(The input begins)
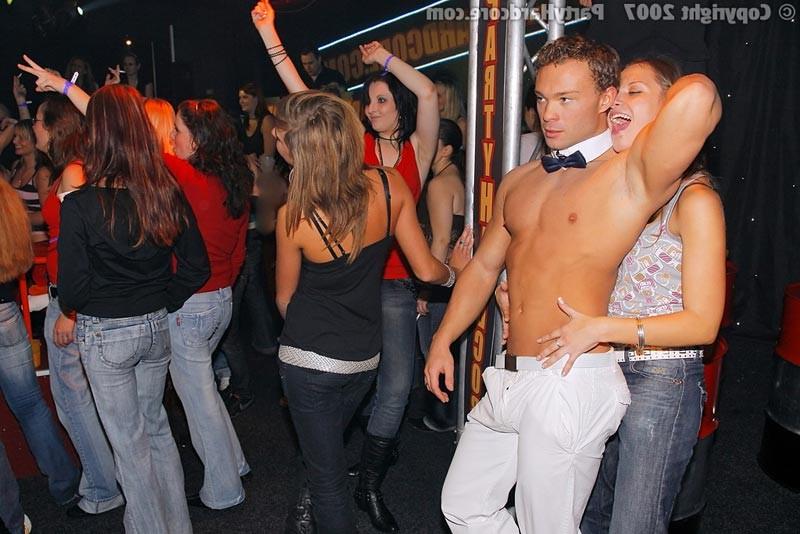 16P Drunk horny sluts sucking and fucking at sex party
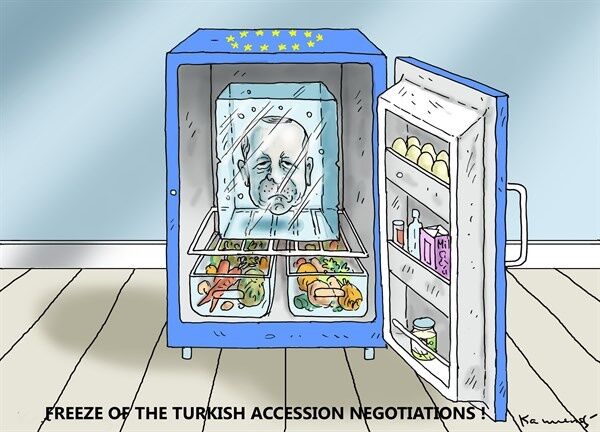 اردوغان توی یخچال!/کاریکاتور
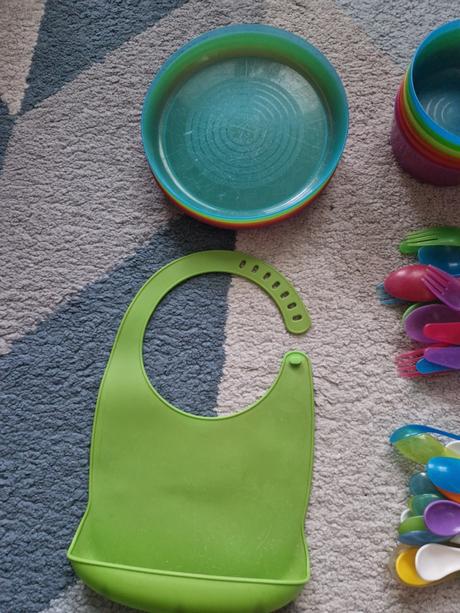 Umelé taniere, poháre, príbor a podbradník, ikea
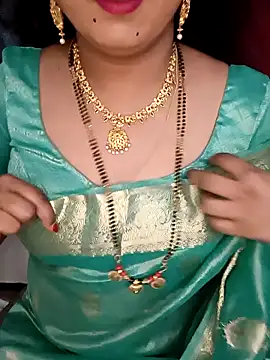 Snapshot of Niharika555 chatting on 04-24-26, 12:07 Niharika555 online show from 04-24-26, 12:07
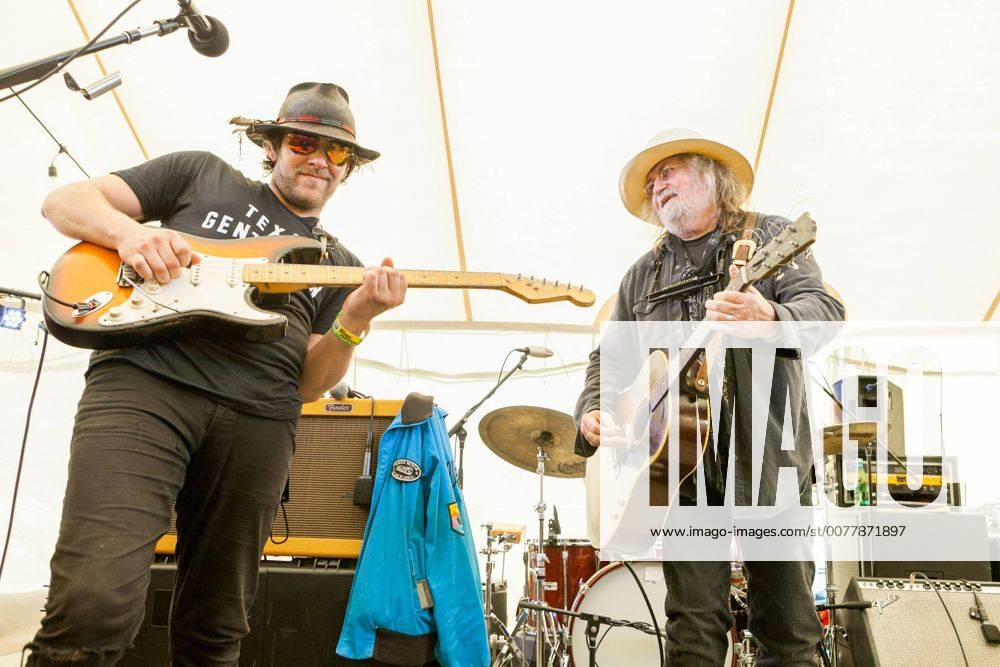 Mar 16, 2017 - Spicewood, Texas, U.S. - Texas singer-songwriter, RAY WYLIE HUBBARD, performs at Luck Reunion during SXSW. Spicewood U.S. - ZUMArg1_ 20170316_sha_rg1_828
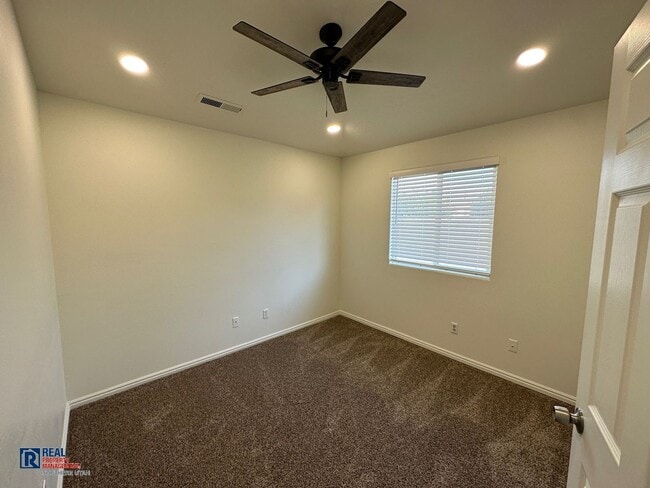 Building Photo - Fully Remodeled 3 bedroom 2 bathroom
(The input ends)
**Task requirements**
Please give again only those lines that run from the one containing "اردوغان توی یخچال!/کاریکاتور" through the final line of the listing, both included, exactly as written and without pictures.

**Solution to this problem**
 اردوغان توی یخچال!/کاریکاتور
 Umelé taniere, poháre, príbor a podbradník, ikea
 Snapshot of Niharika555 chatting on 04-24-26, 12:07 Niharika555 online show from 04-24-26, 12:07
 Mar 16, 2017 - Spicewood, Texas, U.S. - Texas singer-songwriter, RAY WYLIE HUBBARD, performs at Luck Reunion during SXSW. Spicewood U.S. - ZUMArg1_ 20170316_sha_rg1_828
 Building Photo - Fully Remodeled 3 bedroom 2 bathroom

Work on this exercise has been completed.